In case you do not understand how important Engineering Geology is to Geotechnical Engineering, take a few minutes to demonstrate to yourself how challenging is the job of subsurface characterization. To start the demonstration, put your hands together in front of your face, palms outward and separated by a pencil-wide gap. Pretend that the gap is the lens of a “slit camera.” Peer through the gap and take half a dozen random mental “slit photographs” of your surroundings. Now e-mail those shots to a colleague across the world (or even next door) and ask him/her to reconstruct your surroundings from the images. Impossible? Well, we Engineering Geologists and Geotechnical Engineers alike, do the seemingly impossible every day when we characterize unseen volumes of the subsurface on the basis of a few borings or outcrop maps! Compare the difficulty of our job to that of the Structural Engineer: we work with limited data collected from large volumes of subsurface materials that have spatially-varying and widely-ranging properties. But, the Structural works with buildings with largely predictable behaviors, constructed of well-understood manmade materials. Is it any wonder that we Geos have to envelope our uncertainty with generous factors of safety?
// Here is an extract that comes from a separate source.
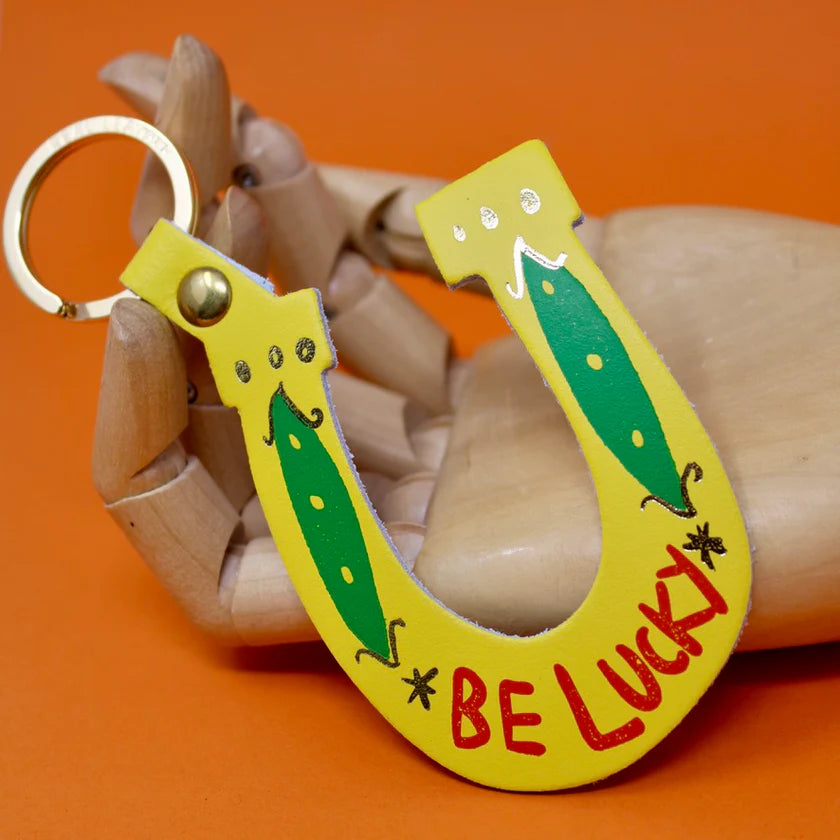 Yellow leather horseshoe key fob with green four-leaf clovers: Be lucky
Engineering Geologists and Geological Engineers are trained to both perform challenging site characterizations and understand how imperfect the geological models are. Regrettably, many Geotechnical Engineers no longer know enough geology to fully appreciate the latter.
Given my unusually broad background in the Applied Earth Sciences, I would rather that the once relatively simple linear-phase sequence between geology and engineering had not split into so many specializations, many of which seem remote from geology, although intimate with computer science. Accordingly, I believe that we all benefit from the role and umbrella of the Geo-Institute of the ASCE, embracing the breadth of geotechnical engineering and its allied fields. We could further acknowledge our vital need for Engineering Geologists and Geological Engineers (and Rock Engineers, Engineering Geophysicists, Hydrogeologists, etc.) by referring to our practice disciplines as being part of GeoEngineering (although, to my ears, the expression “GeoEngineering” sounds abrupt compared to the pleasing cadence of “Applied Earth Sciences”). Still, “GeoEngineering” nicely juxtaposes Geology and Engineering and neatly shortcuts the complex, 3D network of specialist offshoots that now exist between the simple linear phase sequence that once connected Engineering and Geology.